Some of the things I saw and read both disgusted and overwhelmed me. There was a room filled with family photos of just some of those murdered; the realisation that they were people, that they were innocent human beings and not just statistics was almost too much to take in. What upset me the most, and the image that has stayed with me, is seeing a tiny waistcoat that must’ve belonged to a child no older than two years old in the personal belongings of people found in a shallow grave. Why did he have to die? Why did an innocent child who wouldn’t even know the difference between Hutus and Tutsis, who viewed everyone as equals, have to be brutally murdered and their body disregarded like they were worthless?

Another story that deeply saddens me was that when people fled to a church for refuge and shelter they were all slaughtered within the church. Their bodies were never recovered and they were simply left there. The doors to the church were shut and never opened again. I can’t comprehend that this happened only twenty years ago and I am ashamed to be part of a world that did nothing to intervene. Surely the UN could’ve done something? What makes the Genocide Memorial so special and such an important place is the fact that they have tried to recover all the bodies of those who died and give them a place to rest peacefully. Not only does this mean that it can serve as a place for those who have lost loved ones to mourn but it gives the victims at least some of the dignity they deserve. I hope that the world can learn from events like this and that together we can work to stop letting our ethnicity, our race, our religion, the colour of our skin divide us. There will always be inequality in society but we must stop blaming specific groups for this.

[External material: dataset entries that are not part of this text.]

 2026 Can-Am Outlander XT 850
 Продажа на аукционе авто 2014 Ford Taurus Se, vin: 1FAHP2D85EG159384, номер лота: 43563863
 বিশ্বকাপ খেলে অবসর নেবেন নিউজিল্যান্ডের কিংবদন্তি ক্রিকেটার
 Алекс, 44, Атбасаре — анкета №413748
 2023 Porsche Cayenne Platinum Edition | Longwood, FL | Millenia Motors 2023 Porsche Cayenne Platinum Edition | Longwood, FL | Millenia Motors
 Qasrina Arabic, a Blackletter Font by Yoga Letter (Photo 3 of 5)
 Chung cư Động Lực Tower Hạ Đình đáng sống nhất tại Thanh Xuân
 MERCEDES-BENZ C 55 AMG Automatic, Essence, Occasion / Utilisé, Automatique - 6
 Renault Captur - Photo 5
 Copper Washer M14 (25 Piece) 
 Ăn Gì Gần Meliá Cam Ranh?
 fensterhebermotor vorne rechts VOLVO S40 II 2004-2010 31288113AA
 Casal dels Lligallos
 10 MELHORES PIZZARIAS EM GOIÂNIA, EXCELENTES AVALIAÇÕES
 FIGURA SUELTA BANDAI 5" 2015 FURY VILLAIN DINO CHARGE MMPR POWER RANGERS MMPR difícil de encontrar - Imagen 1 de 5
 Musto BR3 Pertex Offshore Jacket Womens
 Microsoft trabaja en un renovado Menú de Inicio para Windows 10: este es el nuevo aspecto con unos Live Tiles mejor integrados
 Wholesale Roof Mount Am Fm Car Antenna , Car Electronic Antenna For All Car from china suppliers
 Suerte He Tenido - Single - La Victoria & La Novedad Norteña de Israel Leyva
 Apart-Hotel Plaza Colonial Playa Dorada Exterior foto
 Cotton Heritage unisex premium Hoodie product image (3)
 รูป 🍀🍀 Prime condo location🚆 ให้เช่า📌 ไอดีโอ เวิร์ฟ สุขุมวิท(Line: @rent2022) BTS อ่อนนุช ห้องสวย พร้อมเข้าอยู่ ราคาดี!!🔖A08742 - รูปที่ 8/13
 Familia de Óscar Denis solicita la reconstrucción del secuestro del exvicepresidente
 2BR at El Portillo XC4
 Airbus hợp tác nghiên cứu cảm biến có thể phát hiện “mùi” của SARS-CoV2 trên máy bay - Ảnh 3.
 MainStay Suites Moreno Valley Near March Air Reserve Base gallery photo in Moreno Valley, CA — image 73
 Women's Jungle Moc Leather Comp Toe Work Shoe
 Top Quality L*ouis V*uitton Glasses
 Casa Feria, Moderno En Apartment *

I was so upset by what I had seen I wasn’t sure if I could continue with the evening's activities but I remembered that those who had lost so much, orphaned children and single parents, had not let this stop them from continuing with their lives so neither should I.

As today was Mia’s birthday, we had a party in the evening. We had organised for a cake to be made and I had brought some balloons to decorate the table. It was a lovely evening of celebration and I hope Mia had a good time. We said goodbye to Tom and Peter this evening as it was our last day in Rwanda. We are not too sure what to expect from Uganda but from what we are told it is very different.